EXERCISE DATA ->
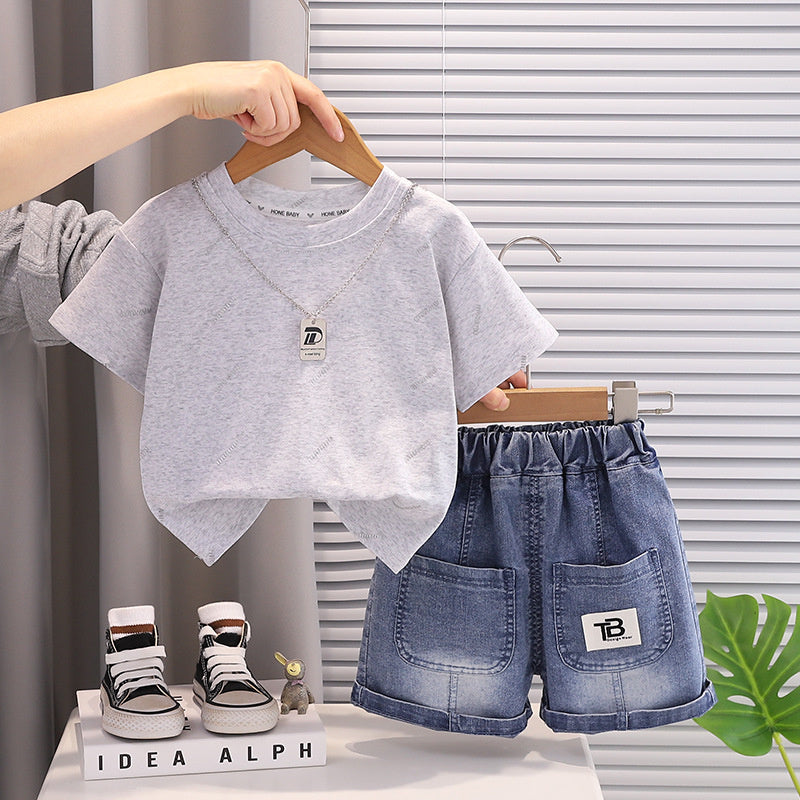 Boys' Summer Short-Sleeve Set with English Print 2026 New Stylish Baby Clothes Trendy Casual Two-Piece Outfit for Little Boys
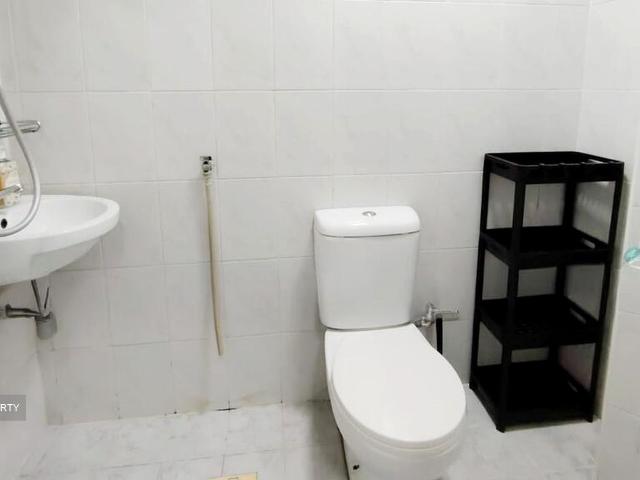 Sunshine Plaza D7, Apartment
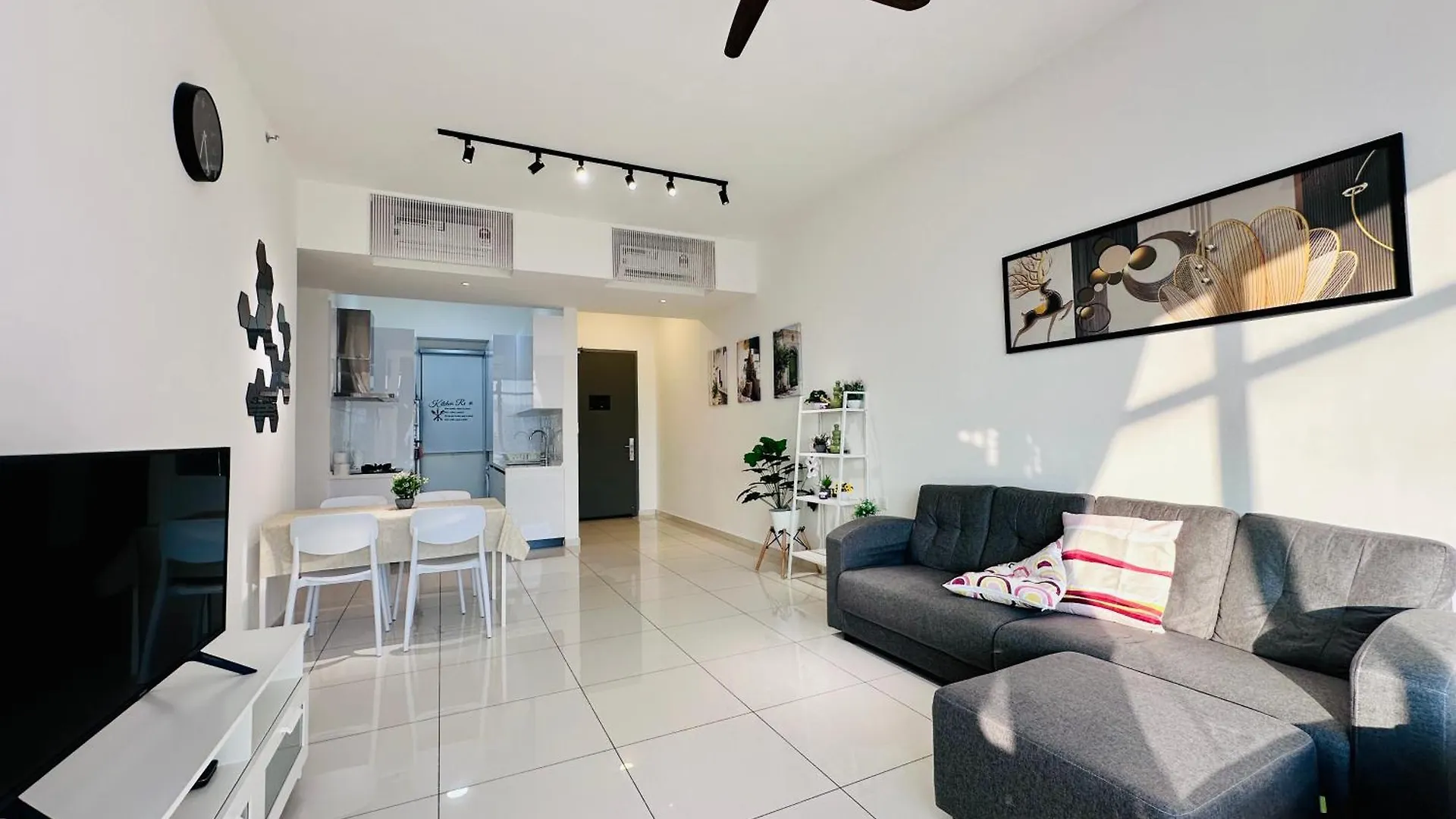 2Br Luxury Rooftop Swimming Pook Homestay@Georgetown@10Pax - 无敌美景两房民宿 George Town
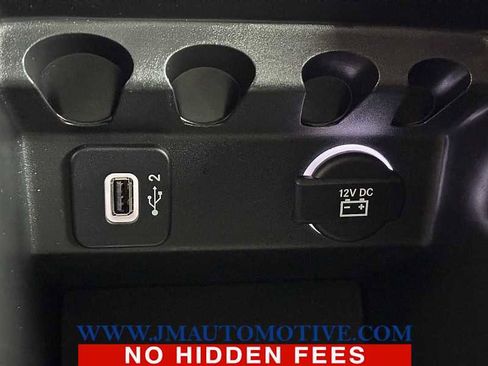 Used 2019 Jeep Cherokee Limited image 40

WHAT THE EXERCISE ASKS ->
Line by line, reproduce exactly the lines from the one containing "Sunshine Plaza D7, Apartment" through the final line of the material, both included, leaving every picture out.

RESPONSE ->
 Sunshine Plaza D7, Apartment
 2Br Luxury Rooftop Swimming Pook Homestay@Georgetown@10Pax - 无敌美景两房民宿 George Town
 Used 2019 Jeep Cherokee Limited image 40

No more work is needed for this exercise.